**Data to process**
_____
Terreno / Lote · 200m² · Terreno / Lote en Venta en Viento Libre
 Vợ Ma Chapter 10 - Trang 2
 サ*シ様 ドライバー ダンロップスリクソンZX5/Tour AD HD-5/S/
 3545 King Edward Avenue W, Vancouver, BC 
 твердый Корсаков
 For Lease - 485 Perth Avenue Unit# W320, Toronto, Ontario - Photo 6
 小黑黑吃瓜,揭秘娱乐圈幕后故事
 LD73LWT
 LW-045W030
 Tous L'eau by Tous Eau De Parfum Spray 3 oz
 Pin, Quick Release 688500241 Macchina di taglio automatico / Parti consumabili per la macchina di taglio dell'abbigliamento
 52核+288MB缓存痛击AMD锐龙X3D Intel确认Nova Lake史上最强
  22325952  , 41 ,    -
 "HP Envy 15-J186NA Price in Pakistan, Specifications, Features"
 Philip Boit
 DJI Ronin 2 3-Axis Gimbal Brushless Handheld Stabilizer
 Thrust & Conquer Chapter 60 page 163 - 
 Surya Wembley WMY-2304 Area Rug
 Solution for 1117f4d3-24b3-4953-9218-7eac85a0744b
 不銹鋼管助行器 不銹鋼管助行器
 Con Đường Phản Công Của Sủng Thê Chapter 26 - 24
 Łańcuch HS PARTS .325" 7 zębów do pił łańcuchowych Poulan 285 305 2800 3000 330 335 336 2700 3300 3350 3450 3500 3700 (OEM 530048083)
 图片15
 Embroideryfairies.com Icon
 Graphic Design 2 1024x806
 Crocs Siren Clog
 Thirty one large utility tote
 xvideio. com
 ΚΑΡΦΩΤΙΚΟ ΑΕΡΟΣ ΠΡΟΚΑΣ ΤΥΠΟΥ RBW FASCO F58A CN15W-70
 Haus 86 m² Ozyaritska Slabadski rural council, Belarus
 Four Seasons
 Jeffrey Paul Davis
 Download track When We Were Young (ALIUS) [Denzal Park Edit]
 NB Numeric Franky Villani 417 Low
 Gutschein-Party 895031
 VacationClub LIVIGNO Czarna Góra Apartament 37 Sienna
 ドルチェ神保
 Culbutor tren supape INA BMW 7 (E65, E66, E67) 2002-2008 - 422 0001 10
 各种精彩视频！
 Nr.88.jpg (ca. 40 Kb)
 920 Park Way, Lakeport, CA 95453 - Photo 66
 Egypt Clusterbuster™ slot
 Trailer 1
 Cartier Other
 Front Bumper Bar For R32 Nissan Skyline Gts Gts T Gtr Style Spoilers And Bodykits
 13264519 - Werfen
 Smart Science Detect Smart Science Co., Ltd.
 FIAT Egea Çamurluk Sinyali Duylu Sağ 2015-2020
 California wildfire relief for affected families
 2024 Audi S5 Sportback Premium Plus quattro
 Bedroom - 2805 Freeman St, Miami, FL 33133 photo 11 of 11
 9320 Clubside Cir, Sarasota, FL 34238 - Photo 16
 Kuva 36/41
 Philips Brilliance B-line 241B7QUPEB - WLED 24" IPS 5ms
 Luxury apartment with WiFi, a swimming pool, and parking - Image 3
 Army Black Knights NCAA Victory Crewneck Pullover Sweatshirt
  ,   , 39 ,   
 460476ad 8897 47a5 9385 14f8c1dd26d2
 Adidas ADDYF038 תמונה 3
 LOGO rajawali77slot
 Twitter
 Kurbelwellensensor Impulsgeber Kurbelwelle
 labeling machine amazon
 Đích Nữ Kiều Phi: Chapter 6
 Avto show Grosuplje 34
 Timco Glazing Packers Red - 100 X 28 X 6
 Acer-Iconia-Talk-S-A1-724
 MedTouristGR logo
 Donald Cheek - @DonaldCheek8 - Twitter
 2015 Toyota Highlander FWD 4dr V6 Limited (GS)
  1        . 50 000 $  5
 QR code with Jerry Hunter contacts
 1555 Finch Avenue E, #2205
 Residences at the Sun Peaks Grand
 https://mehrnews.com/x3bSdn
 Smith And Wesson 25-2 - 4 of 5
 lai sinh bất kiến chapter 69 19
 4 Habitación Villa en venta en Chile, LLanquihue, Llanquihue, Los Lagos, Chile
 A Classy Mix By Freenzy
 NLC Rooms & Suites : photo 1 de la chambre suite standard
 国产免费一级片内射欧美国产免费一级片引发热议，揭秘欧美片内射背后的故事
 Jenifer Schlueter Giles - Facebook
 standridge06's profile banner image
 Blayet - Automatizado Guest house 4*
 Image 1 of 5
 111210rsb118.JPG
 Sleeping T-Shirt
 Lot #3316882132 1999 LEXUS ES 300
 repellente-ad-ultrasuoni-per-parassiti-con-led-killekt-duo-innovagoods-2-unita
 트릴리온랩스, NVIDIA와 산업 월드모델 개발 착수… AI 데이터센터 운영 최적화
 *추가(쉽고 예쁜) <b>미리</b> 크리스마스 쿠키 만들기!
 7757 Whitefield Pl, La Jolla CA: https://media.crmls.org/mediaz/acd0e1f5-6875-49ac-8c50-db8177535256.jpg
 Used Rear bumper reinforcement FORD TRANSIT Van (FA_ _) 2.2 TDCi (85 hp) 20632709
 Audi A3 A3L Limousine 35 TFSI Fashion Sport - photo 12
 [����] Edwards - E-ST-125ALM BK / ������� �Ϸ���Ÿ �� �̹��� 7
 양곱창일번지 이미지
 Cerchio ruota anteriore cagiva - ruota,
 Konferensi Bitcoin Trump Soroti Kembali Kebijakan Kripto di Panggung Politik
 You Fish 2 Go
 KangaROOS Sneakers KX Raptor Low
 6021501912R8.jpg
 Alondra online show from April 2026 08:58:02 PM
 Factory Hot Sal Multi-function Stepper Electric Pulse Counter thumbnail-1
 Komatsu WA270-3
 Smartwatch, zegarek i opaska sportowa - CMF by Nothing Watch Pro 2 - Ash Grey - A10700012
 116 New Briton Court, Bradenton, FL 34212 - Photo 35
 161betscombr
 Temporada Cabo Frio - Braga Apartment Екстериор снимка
_____
**Prompt**
Give back the whole listing, word for word.

**Result**
Terreno / Lote · 200m² · Terreno / Lote en Venta en Viento Libre
 Vợ Ma Chapter 10 - Trang 2
 サ*シ様 ドライバー ダンロップスリクソンZX5/Tour AD HD-5/S/
 3545 King Edward Avenue W, Vancouver, BC 
 твердый Корсаков
 For Lease - 485 Perth Avenue Unit# W320, Toronto, Ontario - Photo 6
 小黑黑吃瓜,揭秘娱乐圈幕后故事
 LD73LWT
 LW-045W030
 Tous L'eau by Tous Eau De Parfum Spray 3 oz
 Pin, Quick Release 688500241 Macchina di taglio automatico / Parti consumabili per la macchina di taglio dell'abbigliamento
 52核+288MB缓存痛击AMD锐龙X3D Intel确认Nova Lake史上最强
  22325952  , 41 ,    -
 "HP Envy 15-J186NA Price in Pakistan, Specifications, Features"
 Philip Boit
 DJI Ronin 2 3-Axis Gimbal Brushless Handheld Stabilizer
 Thrust & Conquer Chapter 60 page 163 - 
 Surya Wembley WMY-2304 Area Rug
 Solution for 1117f4d3-24b3-4953-9218-7eac85a0744b
 不銹鋼管助行器 不銹鋼管助行器
 Con Đường Phản Công Của Sủng Thê Chapter 26 - 24
 Łańcuch HS PARTS .325" 7 zębów do pił łańcuchowych Poulan 285 305 2800 3000 330 335 336 2700 3300 3350 3450 3500 3700 (OEM 530048083)
 图片15
 Embroideryfairies.com Icon
 Graphic Design 2 1024x806
 Crocs Siren Clog
 Thirty one large utility tote
 xvideio. com
 ΚΑΡΦΩΤΙΚΟ ΑΕΡΟΣ ΠΡΟΚΑΣ ΤΥΠΟΥ RBW FASCO F58A CN15W-70
 Haus 86 m² Ozyaritska Slabadski rural council, Belarus
 Four Seasons
 Jeffrey Paul Davis
 Download track When We Were Young (ALIUS) [Denzal Park Edit]
 NB Numeric Franky Villani 417 Low
 Gutschein-Party 895031
 VacationClub LIVIGNO Czarna Góra Apartament 37 Sienna
 ドルチェ神保
 Culbutor tren supape INA BMW 7 (E65, E66, E67) 2002-2008 - 422 0001 10
 各种精彩视频！
 Nr.88.jpg (ca. 40 Kb)
 920 Park Way, Lakeport, CA 95453 - Photo 66
 Egypt Clusterbuster™ slot
 Trailer 1
 Cartier Other
 Front Bumper Bar For R32 Nissan Skyline Gts Gts T Gtr Style Spoilers And Bodykits
 13264519 - Werfen
 Smart Science Detect Smart Science Co., Ltd.
 FIAT Egea Çamurluk Sinyali Duylu Sağ 2015-2020
 California wildfire relief for affected families
 2024 Audi S5 Sportback Premium Plus quattro
 Bedroom - 2805 Freeman St, Miami, FL 33133 photo 11 of 11
 9320 Clubside Cir, Sarasota, FL 34238 - Photo 16
 Kuva 36/41
 Philips Brilliance B-line 241B7QUPEB - WLED 24" IPS 5ms
 Luxury apartment with WiFi, a swimming pool, and parking - Image 3
 Army Black Knights NCAA Victory Crewneck Pullover Sweatshirt
  ,   , 39 ,   
 460476ad 8897 47a5 9385 14f8c1dd26d2
 Adidas ADDYF038 תמונה 3
 LOGO rajawali77slot
 Twitter
 Kurbelwellensensor Impulsgeber Kurbelwelle
 labeling machine amazon
 Đích Nữ Kiều Phi: Chapter 6
 Avto show Grosuplje 34
 Timco Glazing Packers Red - 100 X 28 X 6
 Acer-Iconia-Talk-S-A1-724
 MedTouristGR logo
 Donald Cheek - @DonaldCheek8 - Twitter
 2015 Toyota Highlander FWD 4dr V6 Limited (GS)
  1        . 50 000 $  5
 QR code with Jerry Hunter contacts
 1555 Finch Avenue E, #2205
 Residences at the Sun Peaks Grand
 https://mehrnews.com/x3bSdn
 Smith And Wesson 25-2 - 4 of 5
 lai sinh bất kiến chapter 69 19
 4 Habitación Villa en venta en Chile, LLanquihue, Llanquihue, Los Lagos, Chile
 A Classy Mix By Freenzy
 NLC Rooms & Suites : photo 1 de la chambre suite standard
 国产免费一级片内射欧美国产免费一级片引发热议，揭秘欧美片内射背后的故事
 Jenifer Schlueter Giles - Facebook
 standridge06's profile banner image
 Blayet - Automatizado Guest house 4*
 Image 1 of 5
 111210rsb118.JPG
 Sleeping T-Shirt
 Lot #3316882132 1999 LEXUS ES 300
 repellente-ad-ultrasuoni-per-parassiti-con-led-killekt-duo-innovagoods-2-unita
 트릴리온랩스, NVIDIA와 산업 월드모델 개발 착수… AI 데이터센터 운영 최적화
 *추가(쉽고 예쁜) <b>미리</b> 크리스마스 쿠키 만들기!
 7757 Whitefield Pl, La Jolla CA: https://media.crmls.org/mediaz/acd0e1f5-6875-49ac-8c50-db8177535256.jpg
 Used Rear bumper reinforcement FORD TRANSIT Van (FA_ _) 2.2 TDCi (85 hp) 20632709
 Audi A3 A3L Limousine 35 TFSI Fashion Sport - photo 12
 [����] Edwards - E-ST-125ALM BK / ������� �Ϸ���Ÿ �� �̹��� 7
 양곱창일번지 이미지
 Cerchio ruota anteriore cagiva - ruota,
 Konferensi Bitcoin Trump Soroti Kembali Kebijakan Kripto di Panggung Politik
 You Fish 2 Go
 KangaROOS Sneakers KX Raptor Low
 6021501912R8.jpg
 Alondra online show from April 2026 08:58:02 PM
 Factory Hot Sal Multi-function Stepper Electric Pulse Counter thumbnail-1
 Komatsu WA270-3
 Smartwatch, zegarek i opaska sportowa - CMF by Nothing Watch Pro 2 - Ash Grey - A10700012
 116 New Briton Court, Bradenton, FL 34212 - Photo 35
 161betscombr
 Temporada Cabo Frio - Braga Apartment Екстериор снимка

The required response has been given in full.